Up beyond the wall Bran discovers that the White Walkers were in fact created by the children of the forest. Having been such mysterious figures of Westerosi folklore it was a question I wasn’t expecting to have answered anytime soon and an interesting plot development that we will hopefully get more details for. Later whilst the others sleep Brann goes off having psychic visions of his own without the watchful presence of the Three Eyed Raven. He sees a gigantic army of Wights and is grabbed on the arm by the Nights King himself. Bran awakes with a scar on his body and is told by the Three Eyed Raven that he has been marked and must leave now as the cave is not safe anymore (Nice one Bran).

The Three eyed Raven takes Bran into another vision of the past to give him some more information he will need in his travels. Before they can leave the Wights and the White Walkers attack the cave whilst the Children of the Forest attempt to hold them back. Eventually they break through and Summer attacks the Wights but is quickly cut down and Leaf (the seemingly last Child of the Forest) sacrifices herself with some form of acorn grenade thing in order to slow the Wights down. In his vision Bran sees his father as a young boy and his grandfather, oh and Hodor (or Wylis) is there again. The Three eyed Raven can’t run away (Y’know being a tree) and is hacked down mid vision by the Nights King. Meera, a mid-vision Bran and Hodor escape through a secret back door and Meera commands Hodor to “Hold the door”. These echoes can be heard in Brans vision and the young version of Hodor collapses into a seizure screaming “Hold the Door” seemingly witnessing his own death in the future, which then becomes “Hodor” and the origin of his name. In the present Hodor holds the Wights at bay for as long as he can, the screen fading to black before we see his fate. Bran watches on in the past and realises he has all sorts of fucked up (Nice one Bran).

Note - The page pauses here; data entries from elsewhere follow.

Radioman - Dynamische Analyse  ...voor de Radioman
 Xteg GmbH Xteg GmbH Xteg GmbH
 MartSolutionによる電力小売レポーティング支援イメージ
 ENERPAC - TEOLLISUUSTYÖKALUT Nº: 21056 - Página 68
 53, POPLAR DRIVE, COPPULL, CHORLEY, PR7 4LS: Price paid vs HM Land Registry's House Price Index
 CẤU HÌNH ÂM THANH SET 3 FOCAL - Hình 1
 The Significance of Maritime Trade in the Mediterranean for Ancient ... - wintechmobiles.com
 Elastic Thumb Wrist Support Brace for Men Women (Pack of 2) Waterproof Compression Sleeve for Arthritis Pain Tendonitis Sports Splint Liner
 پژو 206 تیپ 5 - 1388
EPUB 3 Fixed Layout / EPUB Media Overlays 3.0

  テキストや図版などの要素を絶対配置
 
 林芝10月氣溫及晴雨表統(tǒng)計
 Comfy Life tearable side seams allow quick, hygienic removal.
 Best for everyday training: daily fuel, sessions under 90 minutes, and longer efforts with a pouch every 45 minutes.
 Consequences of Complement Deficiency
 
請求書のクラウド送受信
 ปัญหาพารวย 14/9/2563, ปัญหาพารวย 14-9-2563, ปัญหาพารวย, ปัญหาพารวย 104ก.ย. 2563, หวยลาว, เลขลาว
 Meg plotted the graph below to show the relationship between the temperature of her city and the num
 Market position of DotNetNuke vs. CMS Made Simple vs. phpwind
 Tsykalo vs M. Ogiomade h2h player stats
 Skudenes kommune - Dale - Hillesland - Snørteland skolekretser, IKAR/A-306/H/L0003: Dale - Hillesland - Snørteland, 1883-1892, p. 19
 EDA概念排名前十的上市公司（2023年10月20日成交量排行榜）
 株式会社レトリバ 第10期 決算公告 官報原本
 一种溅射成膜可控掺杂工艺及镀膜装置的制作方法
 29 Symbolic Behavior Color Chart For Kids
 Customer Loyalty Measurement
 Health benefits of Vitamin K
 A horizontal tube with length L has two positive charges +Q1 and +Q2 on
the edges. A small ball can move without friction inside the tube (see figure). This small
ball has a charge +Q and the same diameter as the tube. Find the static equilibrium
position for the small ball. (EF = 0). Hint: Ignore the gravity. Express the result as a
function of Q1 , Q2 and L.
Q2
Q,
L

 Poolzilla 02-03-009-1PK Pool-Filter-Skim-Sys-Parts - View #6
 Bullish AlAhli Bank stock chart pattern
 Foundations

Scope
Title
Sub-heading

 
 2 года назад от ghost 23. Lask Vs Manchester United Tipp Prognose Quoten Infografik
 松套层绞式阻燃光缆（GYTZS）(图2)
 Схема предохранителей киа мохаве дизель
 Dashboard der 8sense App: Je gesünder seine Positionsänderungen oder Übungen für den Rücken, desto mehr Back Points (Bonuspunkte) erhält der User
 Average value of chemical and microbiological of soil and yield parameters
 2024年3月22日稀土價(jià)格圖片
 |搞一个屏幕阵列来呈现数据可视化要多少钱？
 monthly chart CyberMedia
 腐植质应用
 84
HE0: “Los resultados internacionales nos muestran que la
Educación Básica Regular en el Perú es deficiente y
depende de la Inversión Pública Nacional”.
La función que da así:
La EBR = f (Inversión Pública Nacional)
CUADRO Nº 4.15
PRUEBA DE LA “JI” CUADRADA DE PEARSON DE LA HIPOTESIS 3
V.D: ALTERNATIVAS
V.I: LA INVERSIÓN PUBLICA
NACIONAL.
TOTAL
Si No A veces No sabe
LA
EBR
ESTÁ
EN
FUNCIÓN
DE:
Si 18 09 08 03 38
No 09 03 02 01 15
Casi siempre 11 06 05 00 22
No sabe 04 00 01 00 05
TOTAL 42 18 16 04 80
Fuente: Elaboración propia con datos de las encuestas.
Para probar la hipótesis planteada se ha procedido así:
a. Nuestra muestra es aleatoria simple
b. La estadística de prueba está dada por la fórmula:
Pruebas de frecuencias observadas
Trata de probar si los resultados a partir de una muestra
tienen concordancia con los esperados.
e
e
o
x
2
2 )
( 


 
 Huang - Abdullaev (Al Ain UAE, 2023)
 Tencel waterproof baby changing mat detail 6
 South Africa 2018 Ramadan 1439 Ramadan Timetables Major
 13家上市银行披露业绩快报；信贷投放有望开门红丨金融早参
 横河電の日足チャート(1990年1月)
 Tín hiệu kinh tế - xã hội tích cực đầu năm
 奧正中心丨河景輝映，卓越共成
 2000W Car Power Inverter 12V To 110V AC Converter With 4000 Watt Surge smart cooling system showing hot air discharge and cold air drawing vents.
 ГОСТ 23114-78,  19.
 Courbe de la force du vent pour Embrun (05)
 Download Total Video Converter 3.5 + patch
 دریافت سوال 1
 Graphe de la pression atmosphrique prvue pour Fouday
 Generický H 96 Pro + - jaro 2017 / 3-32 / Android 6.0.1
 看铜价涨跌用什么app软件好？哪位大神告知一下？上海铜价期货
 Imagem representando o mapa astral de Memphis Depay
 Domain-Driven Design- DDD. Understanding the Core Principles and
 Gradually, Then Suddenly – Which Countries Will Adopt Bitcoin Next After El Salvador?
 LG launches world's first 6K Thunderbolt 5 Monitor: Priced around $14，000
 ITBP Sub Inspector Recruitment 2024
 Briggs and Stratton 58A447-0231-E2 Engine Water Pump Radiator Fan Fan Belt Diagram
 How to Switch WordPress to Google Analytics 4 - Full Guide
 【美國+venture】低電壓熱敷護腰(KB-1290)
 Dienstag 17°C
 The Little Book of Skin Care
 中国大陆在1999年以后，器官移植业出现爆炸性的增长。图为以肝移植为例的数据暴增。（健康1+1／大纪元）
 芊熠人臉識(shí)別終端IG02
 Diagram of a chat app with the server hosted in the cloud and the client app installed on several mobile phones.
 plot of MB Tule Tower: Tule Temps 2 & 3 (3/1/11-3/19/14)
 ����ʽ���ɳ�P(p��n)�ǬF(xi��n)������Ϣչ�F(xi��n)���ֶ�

Having seen Summer die I assumed that was going to be the big death of the episode but I was unprepared for the dual reveal of Hodor’s tragic past and his inevitable fate to die at that moment. It was brutally affecting because in a show where agendas and motives are driven by greed or lust and honourable action was often rewarded with a swift beheading it was pleasant to see a character so full of innocence “hodor” his way through six seasons of one of the most brutal shows on television without being struck down by the numerous ass hats that populate Westeros. In a pleasing sense I think the sequence was beautifully directed, with some great writing, and what was quite a convoluted concept (as time travel is oft to be) came across as clearly as it did. We are also left with the information that Bran was responsible for Hodor’s condition and if that’s the case can Bran truly influence the events of the future by changing the past? Or, as with Hodor, has he already affected it and can he have no true baring on these events, as the Three Eyed Raven said “The ink is dried”. Needless to say it was a thrilling end to the best episode of this season so far. We are only half way through so there is plenty more to come.

 

Death Count

Leaf – “Many Children of the Forest perished, but Leaf was the only one credited with a name and she went out with a literal bang”

The Three Eyed Raven – “Cut to pieces by the Nights king, here’s hoping he has taught Bran enough in the time they spent together”

Summer – “Following the shock demise of Shaggy Dog comes another sudden Direwolf death, I know they must be expensive to animate but come on guys this is just mean”

Hodor – “Hodor”

Parting Thoughts

  • If Brienne and Tormund become a thing are we going ‘Brimund’ or ‘Trienne’?
  • Did anyone else buy into Brienne pretending she didn’t know Tormund’s name, I sure didn’t.
  • Will Jorah find a cure, or in the next episode will we see him carve ‘Jorah was here’ on a wall and hang his greyscale ass?
  • 4 Direwolves down, 2 to go. We still got Ghost and possibly Nymeria wherever she’s gotten too, I assume she’s in a boat with Gendry and Benjen Stark.
  • The next time I hold a door open for someone I have a horrid feeling I’m going to cry.
  • Nice one Bran

 

Episode Rating 5/5 – the best of the season so far, evoked memories of some of the classic GoT episodes of the past.